In March last year, Maria Fernanda Cardoso flew from Sydney to Tokyo with her husband. They took a 10-hour flight, then a second hour-long flight, and then were driven to a town called Suzu at the tip of Ishikawa Prefecture, where they spent four days researching the area.

The artist flew home and put together a proposal for a new work. She told her producer in Japan that she needed tens of thousands of pine cones. No problem, came the reply. By the time she returned six months later, volunteers from Suzu had collected and processed 38,000 pine cones and seed pods from caltrop and camellia plants for “Seed Pod Time Capsule,” which debuted at the Oku-Noto Triennale in September. The volunteers were so gung-ho and organized that Cardoso finished the installation five days early. She took a few days off to drive around the mountains of Niigata Prefecture to see some art.

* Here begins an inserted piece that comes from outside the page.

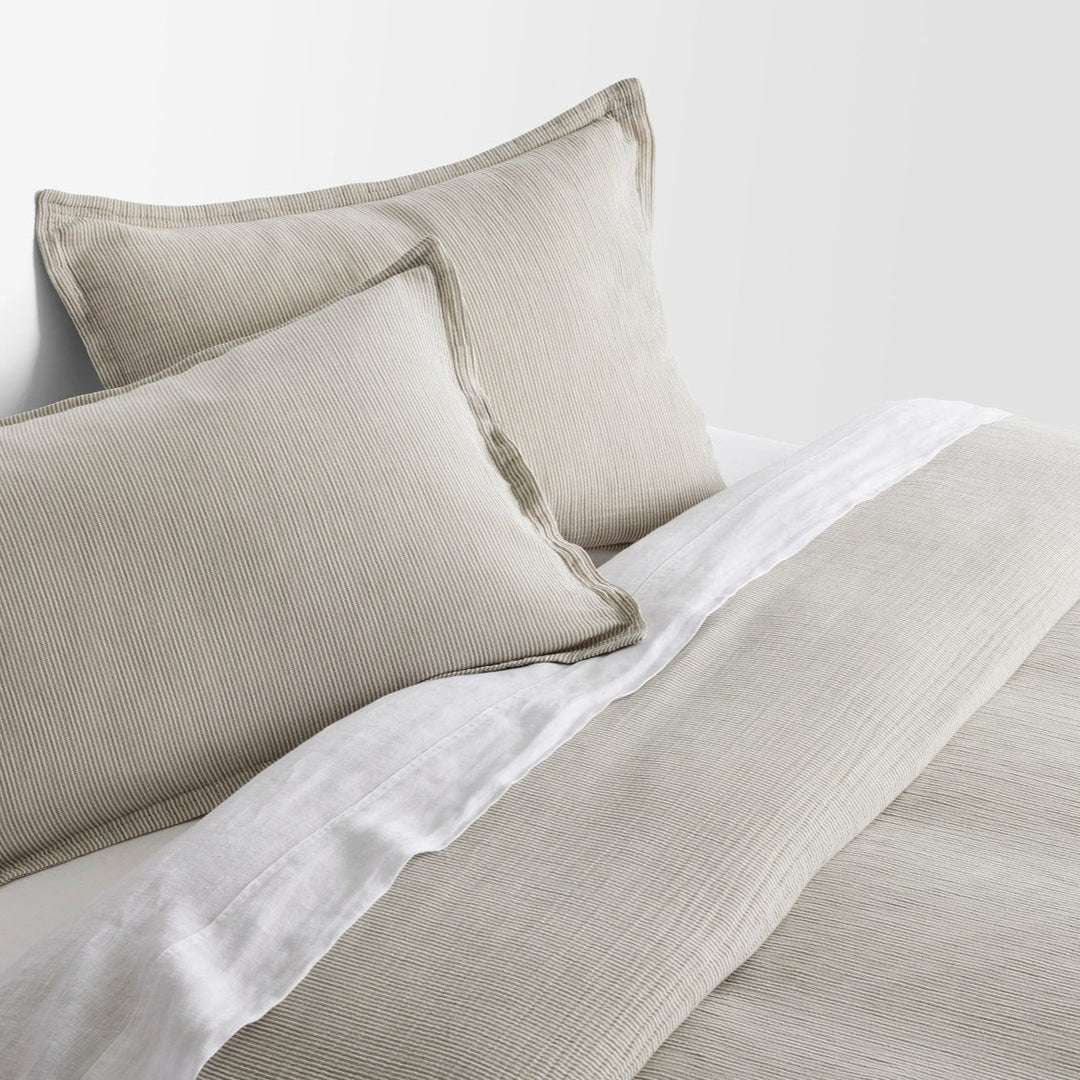 Kimball Stripe Duvet Set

Cardoso was one of a handful artists who’d been flown to Japan to create site-specific artworks in a region facing rapid depopulation. But the third Oku-Noto, whose second edition had cost about half a billion yen, was imperiled even before it began: In May 2023, a magnitude 6.5 earthquake hit off the coast of Ishikawa, delaying the opening by three weeks. The festival ran from Sept. 23 to Nov. 12 and brought in 51,000 people.